7 AOÛT 1942
Huit mois après Pearl Harbor, le premier affrontement terrestre de la guerre du Pacifique a pour cadre l'île de Guadalcanal, aux Salomon. L’objectif des Marines est la prise de l’aérodrome que les Japonais sont sur le point de terminer.
Après plusieurs heures sous le déluge d’un intense pilonnage aérien et naval, les défenseurs sont délogés et se replient dans la forêt. L’aérodrome est pris dès le premier jour, par surprise, en dépit d’un débarquement loin d’être académique.

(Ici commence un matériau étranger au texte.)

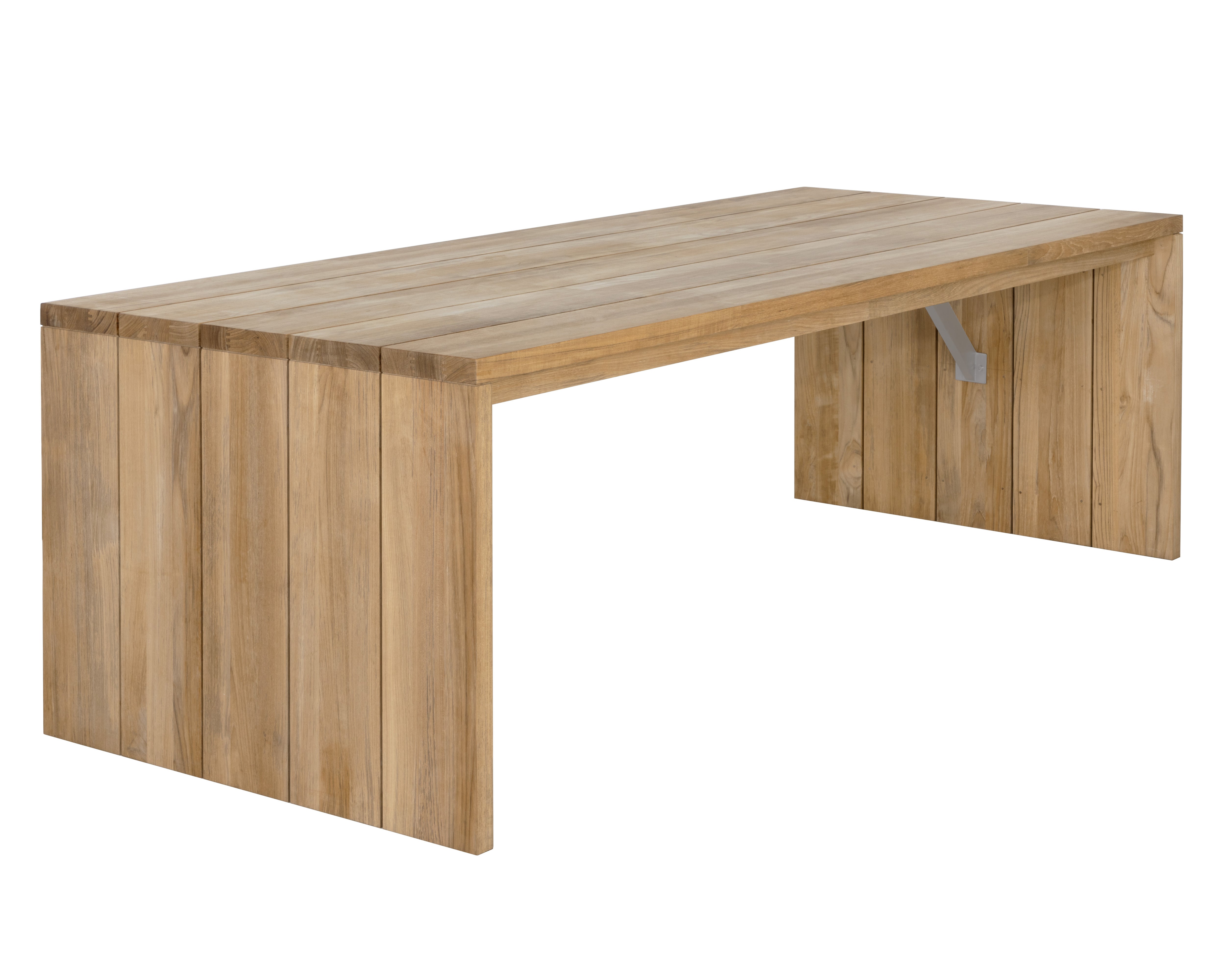 Viga Dining Table - 94.5"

Dans les marmites se trouvent encore le repas préparé par l'ennemi.
Le sort est moins favorable aux troupes appelées à s’emparer des îles et îlots, Florida, Tulagi, Tanambogo, Gavutu qui font face à l’île principale. Les Japonais en ont fait autant de places fortes qu’ils défendent farouchement.
NUIT DU 8 AU 9 AOÛT
Alerté, le QG impérial lance une flotte de contre-attaque depuis Rabaul, son port stratégique en Nouvelle Guinée, afin de couper le ravitaillement de l’ennemi aux Salomon. Autour de l'île de Savo, dans la partie orientale du détroit la marine US subit une véritable déroute.
9 AOÛT
Au prix de combats féroces et avec l’appui des navires qui inondent le terrain d’obus, les Marines se rendent maîtres de Florida et des îlots. Dans les semaines qui suivent, ils vont faire de Tulagi, l’un des ports les mieux abrités du Pacifique sud, une précieuse base navale et de ravitaillement.
MI-AOÛT
La flotte japonaise a été repérée. L’état-major US, par prudence, fait faire demi-tour aux navires de transport avant l’engagement naval aux allures de désastre qui envoie par le fond trois croiseurs américains et en endommage un quatrième. A terre, la situation est délicate.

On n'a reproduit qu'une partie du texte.